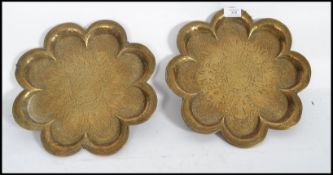 A pair of 19th century Islamic brass wall chargers. The scalloped edges with decoration of deities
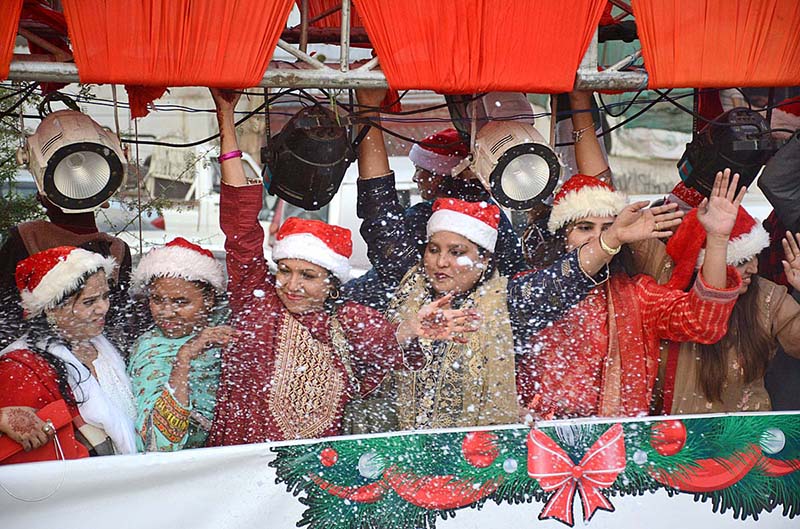 The female participants of a ‘Christmas Aman Rally’ waving their hands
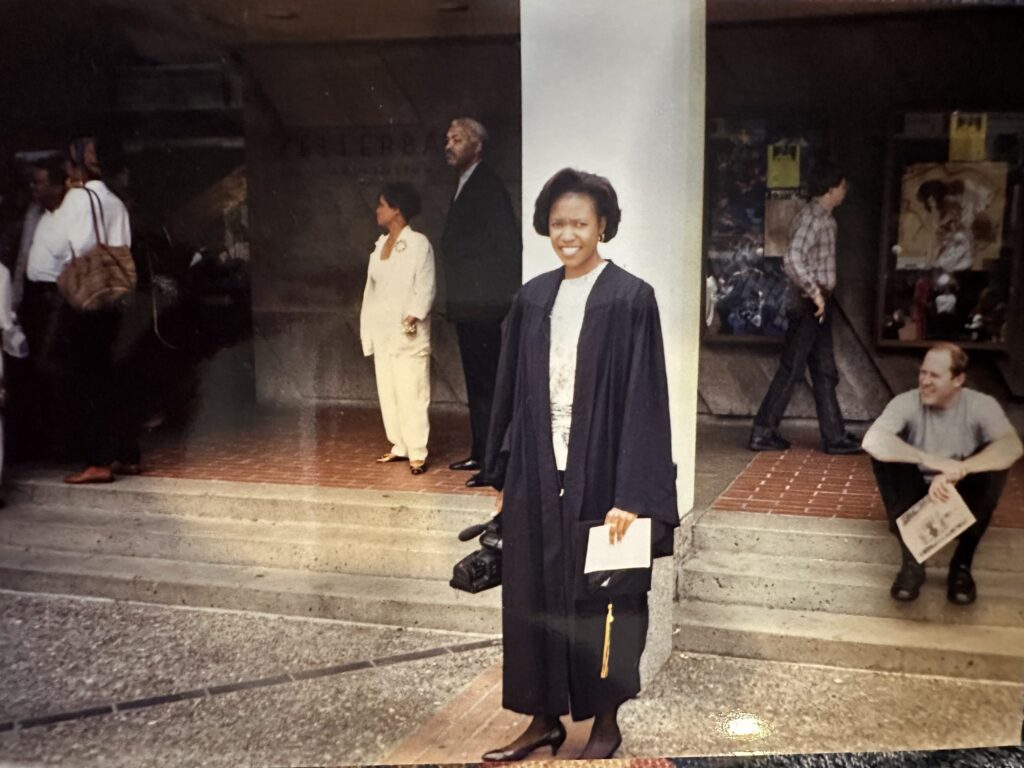 Marsha Roberts wearing her graduation gown at her graduation ceremony. 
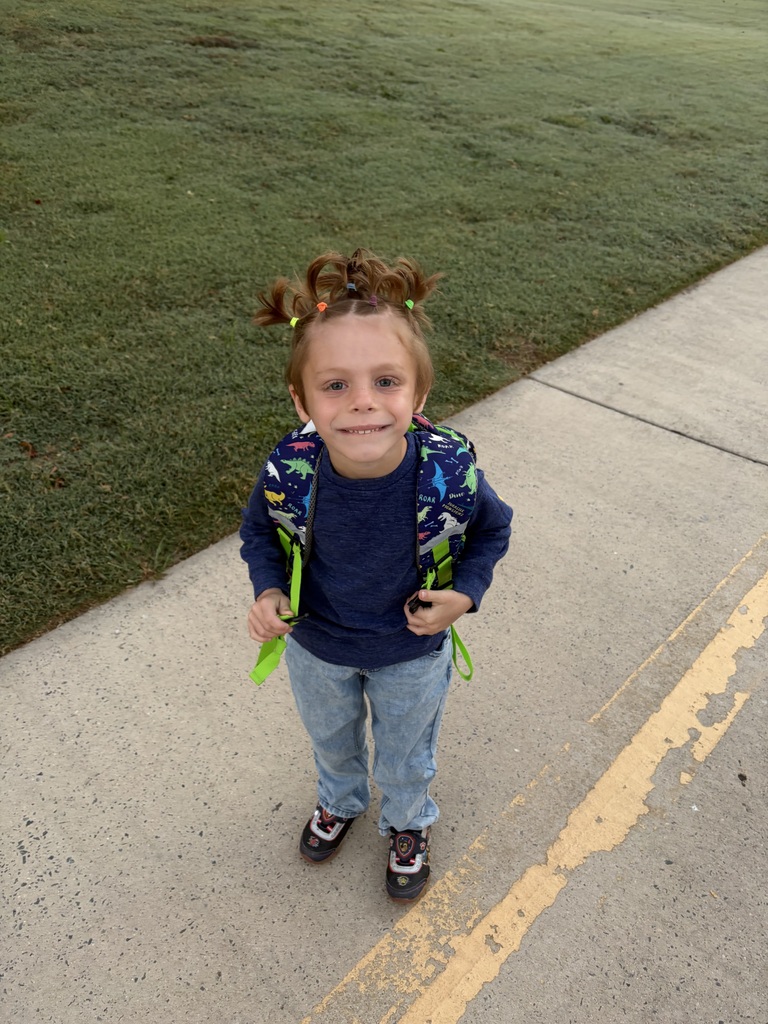 Red Ribbon Week! Central Elementary School student with hair in several pigtails held by colorful rubber bands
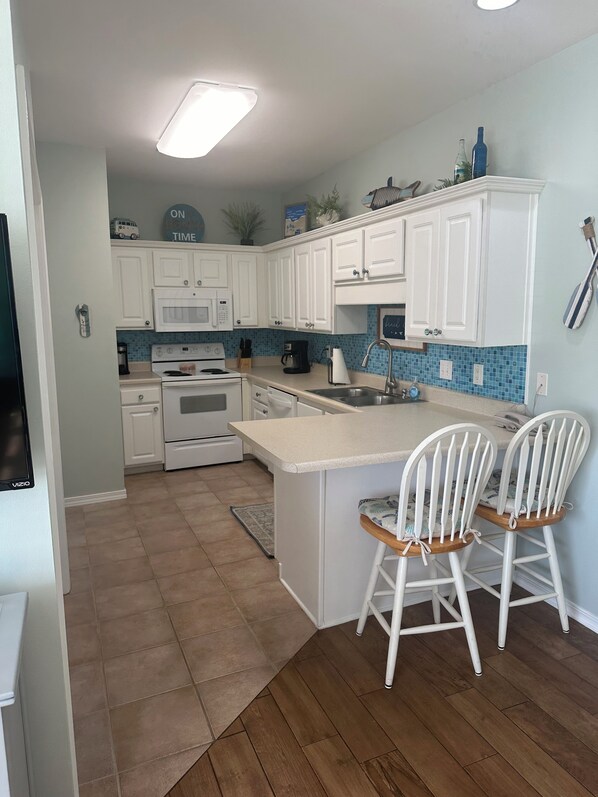 A kitchen with white cabinets, a central island with two bar stools, a microwave, a stove, and a sink.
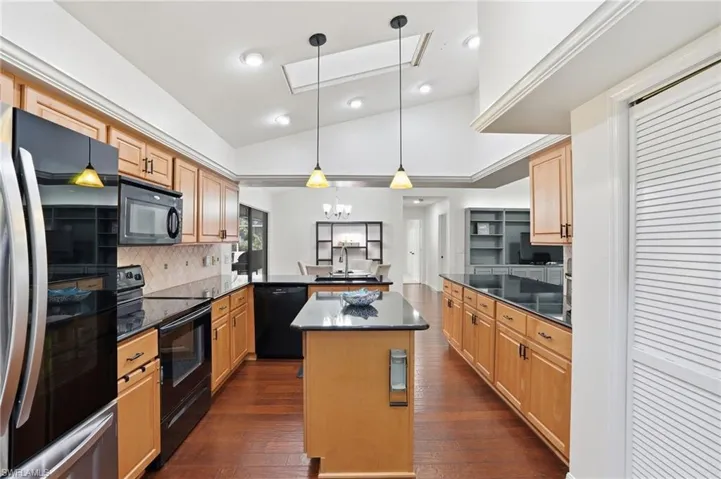 Kitchen with vaulted ceiling, a peninsula, black appliances, hanging light fixtures, and dark wood-style floors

» **Exercise details**
Return exactly the lines from the line with "A kitchen with" through the last line of the data above, both included; pictures do not go in the answer.

» **Solution for this task**
 A kitchen with white cabinets, a central island with two bar stools, a microwave, a stove, and a sink.
 Kitchen with vaulted ceiling, a peninsula, black appliances, hanging light fixtures, and dark wood-style floors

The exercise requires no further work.